Don't transfer your math phobia to your kids! Five simple steps to follow.

This short essay has been written by The Math Mom for CafeMom online community in March 2010.

So, you think you are bad at math. But what If I told you that you excel at it daily, usually without even realizing it. You do math when packing the dishwasher; when carefully carving the weekend schedule to fit around the kids' activities; when convincing yourself to buy expensive new boots because in a cold climate their cost-per-wear is reasonably low. Math is for everyone to enjoy, play and use. If you'll feel comfortable with math, you won't be transferring our math fears to your kids.
There are Soccer Moms, Hockey Moms, Baseball Moms.
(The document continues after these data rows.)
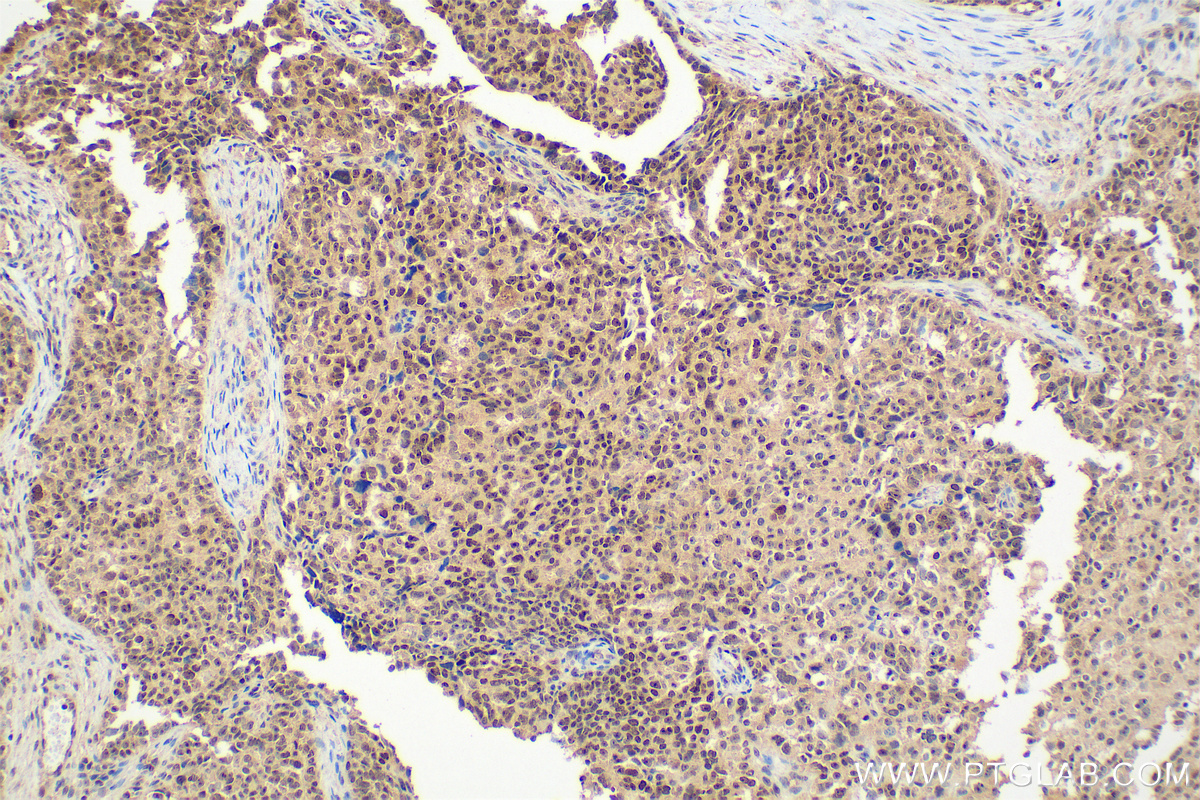 Immunohistochemical analysis of paraffin-embedded human ovary cancer tissue slide using 13365-1-AP (NAT10 antibody) at dilution of 1:2000 (under 20x lens). Heat mediated antigen retrieval with Tris-EDTA buffer (pH 9.0). IHC staining of human ovary cancer using 13365-1-AP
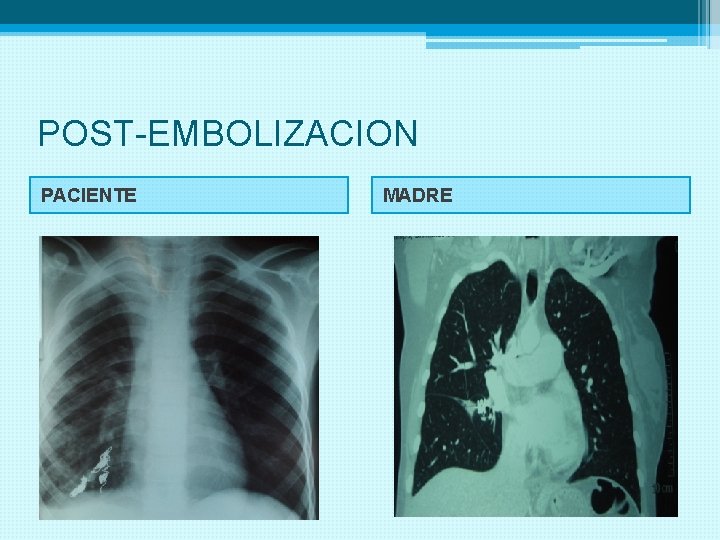 POST-EMBOLIZACION PACIENTE MADRE 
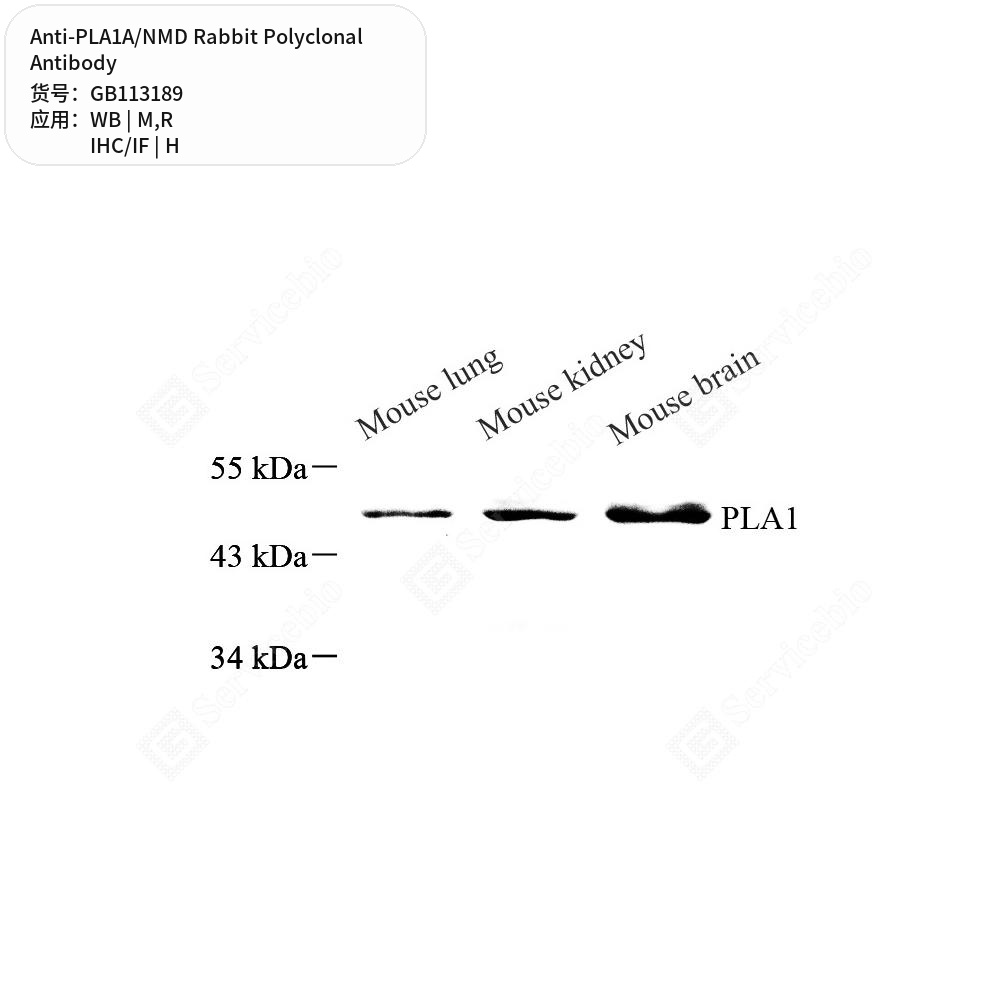 Антитела первичные, поликлональные кролика к PLA1A/NMD крысы, мыши, человека, 100 мкл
Could you be an enthusiastic and supportive Math Mom? No worries - you do not need to be a math expert to be a Math Mom. When was the last time you saw a Soccer Mom play soccer? Here are a few simple steps that can help you perceive math and present it to your kids as a cool tool, a toy, and a friend:

  1. Encourage and expect high achievements. Success in any kind of learning is enhanced by encouragement and challenge, and inhibited by threats or shame. Think of how we challenge and support our kids on the football field or ski slopes. Remember those trophies that everyone gets just for trying? The pride we take when our child scores a homerun. Recall how we share the excitement of our kids’ successes in sports and work on their failures. Just adapt a similar mindset for math learning right there at your homework table.

  2. Stimulate curiosity and search for answers together. Kids are naturally fascinated with numbers, patterns and logic. All we need to do is nurture this curiosity and expose our kids to the beautiful math of this world. Encourage questions and search for answers together on the web, in books, or ask around. What day of the week your birthday is going to be in five years? How does a 50 SPF cream different from a 15 SPF? What are the chances of getting a hot pink gum ball out of all the available colors in the Gumball machine?

  3. Explain your reasoning. Have you been contemplating whether to order school lunch or pack one from home? Or how long will it take to heat five hot dogs in a microwave, if it takes 30 seconds for one? Our daily lives are full of math puzzles and we all became proficient at solving them. Pass this expertise on to your kids. Explain to them why it makes sense to wait until this toy goes on sale next week. Count together how many 20-cent lollipops will they be able to buy with what they just saved?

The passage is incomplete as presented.